GIVEN RECORDS: Begin
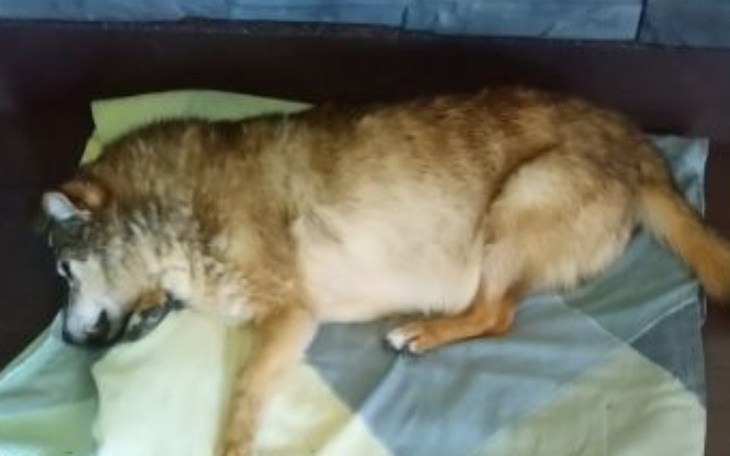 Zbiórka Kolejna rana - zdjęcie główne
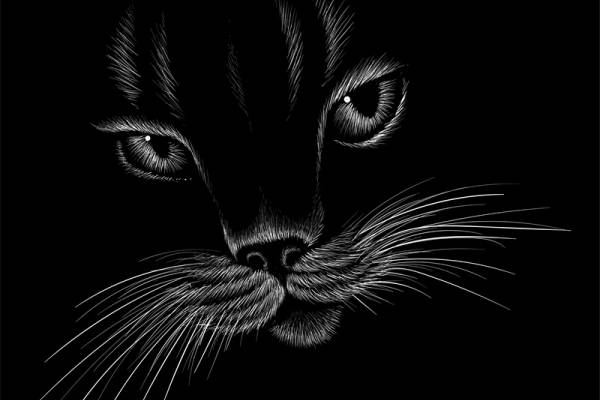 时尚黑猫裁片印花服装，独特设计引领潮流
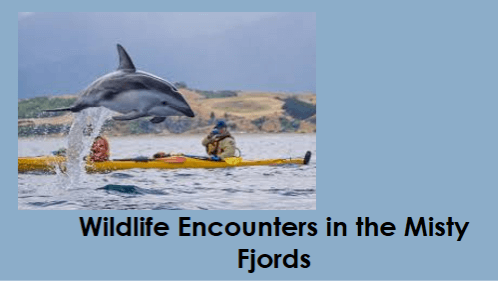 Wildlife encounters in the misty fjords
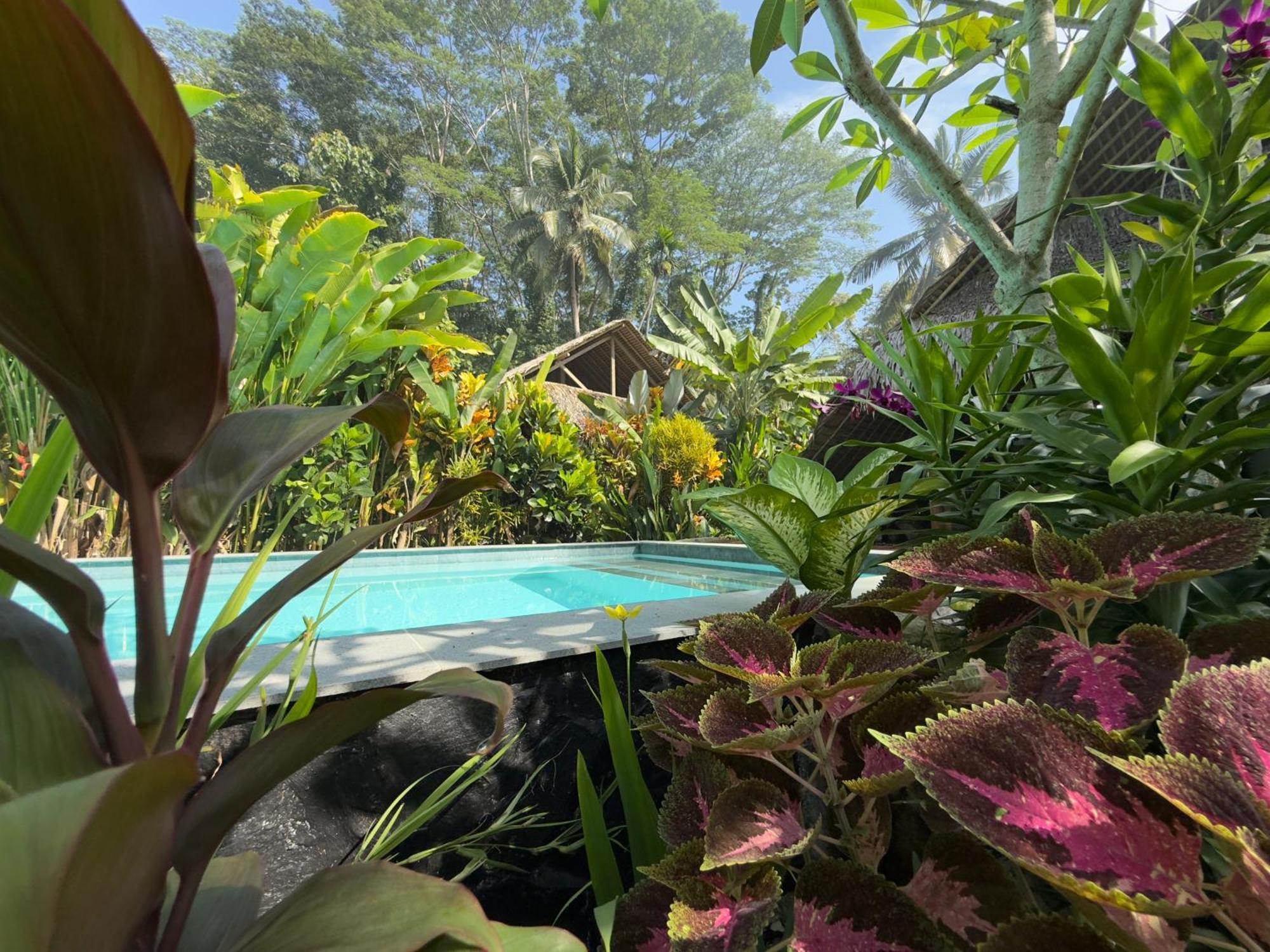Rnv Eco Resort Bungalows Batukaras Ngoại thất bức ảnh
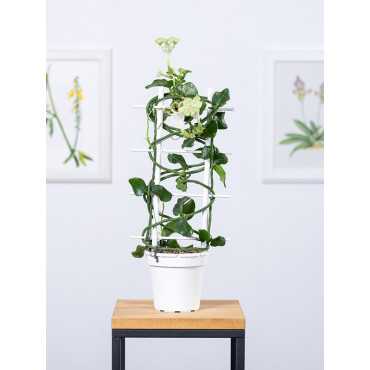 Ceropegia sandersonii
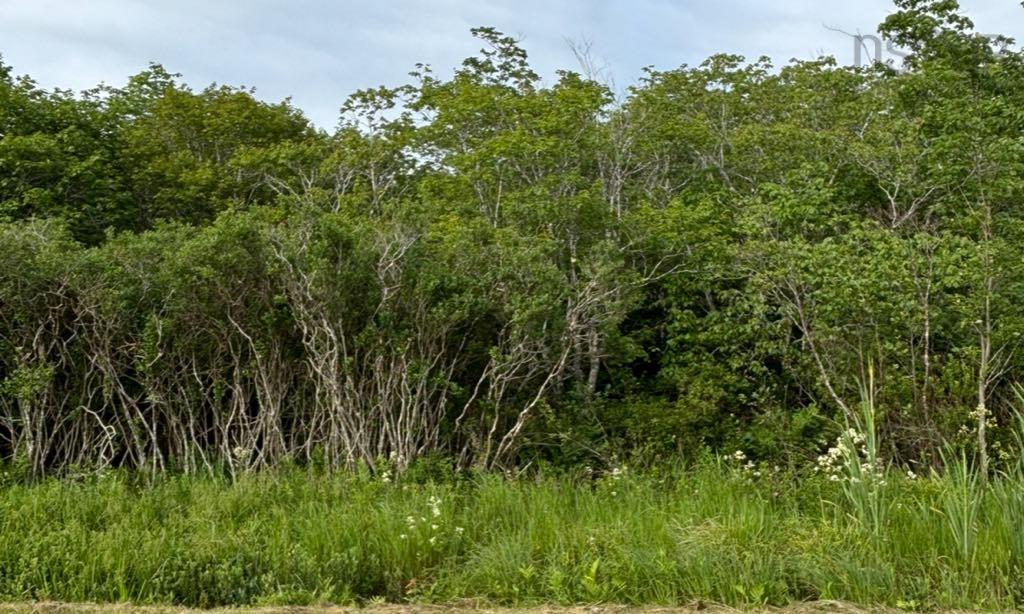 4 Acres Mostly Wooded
GIVEN RECORDS: End
WORK INSTRUCTION
Return exactly the lines from the one containing "时尚黑猫裁片印花服装，独特设计引领潮流" through the end of the records, leaving out every picture.

SOLVED PROBLEM
 时尚黑猫裁片印花服装，独特设计引领潮流
 Wildlife encounters in the misty fjords
Rnv Eco Resort Bungalows Batukaras Ngoại thất bức ảnh
 Ceropegia sandersonii
 4 Acres Mostly Wooded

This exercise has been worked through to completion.